Uma das discussões que se colocaram em 1911, a propósito do centenário de Afonso Henriques, centrava-se no aparente paradoxo de ser a República, recentemente instalada, a celebrar o fundador da Monarquia que acabava de ser abolida. Um parágrafo de um apelo de um grupo de cidadãos, para que as pessoas respeitem, descobrindo as cabeças quando é executado, o hino nacional (publicado em A Velha Guarda, de 18 de Agosto de 1911) sintetiza o consenso a que se chegou entre os republicanos vimaranenses acerca da figura de D. Afonso Henriques:
"Ser monárquico com Afonso Henriques foi honroso, pois esse rei conquistou um território para o seu povo e nas lutas com os mouros combatia à frente dos seus vassalos."
Festa cívica
Vai enfim celebrar-se o 8.° centenário de D. Afonso Henriques fundador da nacionalidade portuguesa
A Associação Comercial, patriótica e simpática instituição vimaranense que desde muito vem pugnando com amor e devotado entusiasmo pelas coisas da nossa terra, quis ela ser a primeira, propondo-se a tarefa da celebração centenária do maior vimaranense Afonso Henriques, aquele que foi o fundador a nossa nacionalidade, aquele que traçou com a sua espada de conquistador os domínios à terra portuguesa.
Neste intuito de alevantado civismo reuniram, a convite da sua direcção, alguns cavalheiros desta cidade, entre os quais ficou constituída a grande comissão promotora da celebração centenária. Eis os seus nomes: Abel Cardoso, José de Pina, Padre Gaspar Roriz, Bernardino Jordão, A. L. de Carvalho, e pela direcção da Associação Comercial o seu digno presidente Eduardo M. de Almeida.
Trocadas impressões ficou resolvido iniciarem se os trabalhos, julgando-se indispensável a coadjuvação da Câmara, à qual e sobre este assunto havia já oficiado a Associação Comercial. Assim, pois, deliberou se para o outro dia uma reunião conjunta entre a Câmara e a comissão central, a qual se realizou na quarta-feira desta semana. Recebidos pelo seu digno presidente com as maiores deferências, usou da palavra expondo em traços largos todo o plano e intuitos da comemoração centenária o snr. Padre Gaspar da Costa Roriz, tendo, por fim. a seguinte proposta, a qual em nome da comissão que ali estava fizera entrega ao digno presidente da Câmara:
Propomos:
1.º que se realize neste ano a festa comemorativa do 8.° centenário do nascimento de D. Afonso Henriques, o glorioso fundador da nacionalidade portuguesa;
2.º que se peça ao Governo da República que seja considerado de festa nacional o primeiro domingo de Agosto de 1911, dia em que Guimarães comemora o nascimento do primeiro vimaranense e primeiro português;
3.º que se peça ao Governo da República a cunhagem de moedas e emissão de estampilhas comemorativos deste centenário, devendo o produto, salvos os direitos do Estado, reverter para as obras a realizar em volta do Castelo de Guimarães, monumento nacional de primeira classe;
4.º que se realize a inauguração solene da estátua de D. Afonso Henriques no sitio para onde deve ser transferida, pedindo-se ao ex.mo Presidente do Governo ou ao ex.mo Ministro do Interior que venha proceder pessoalmente a essa inauguração.

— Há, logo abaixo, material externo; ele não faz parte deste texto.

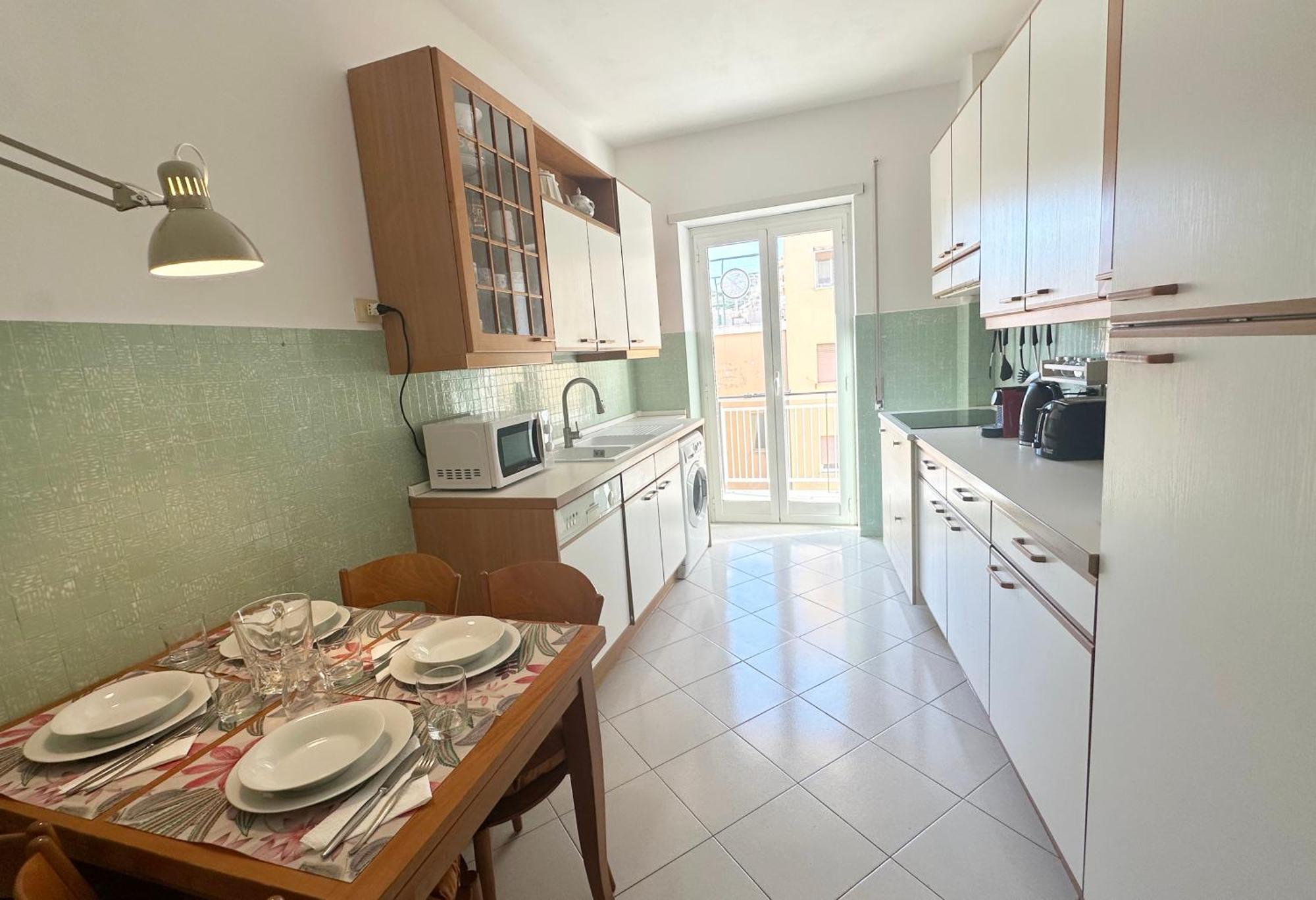 Ca Rosa Boutique Apartment *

Guimarães, 8 de Março de 1911.
A Comissão.
Também usando da palavra fizera algumas considerações o membro da comissão A. L. de Carvalho, as quais bordaram este questionário:
— Deve a Câmara tomar parte na comemoração centenária de Afonso Henriques?
— É Afonso Henriques uma glória nacional que mereça essa celebração?
— Impede o facto de Afonso Henriques ter sido rei, e rei 1.º da Monarquia, que os cidadãos e as colectividades da República lhe celebrem e glorifiquem a memória?
Desenvolve estes pontos e concorda que o 8.° centenário do fundador da nacionalidade deve ser de festa oficial e com cunho nacional.
O ilustre presidente do município diz com o pleno assentimento dos seus colegas da vereação que está de alma com a ideia da comissão delegada da Associação Comercial, podendo esta contar com a coadjuvação da Câmara. Outros vereadores trocaram ainda impressões a propósito da celebração, sendo também convidado a manifestar a sua opinião o cidadão administrador do concelho Dr. Eduardo de Almeida, reconhecendo com os demais a evidente obrigação de não deixar no olvido a passagem faustosa do 8.° centenário do grande português.
A comissão retirou assim satisfeita do seu primeiro passo, pois que, pode contar, estar certa, com a cooperação e valimento da Câmara, a qual impretará do governo provisório da República os seus aplausos e incitamentos para que a festa da cidade seja ao mesmo tempo a apoteose duma manifestação cívica grandiosa e eloquente.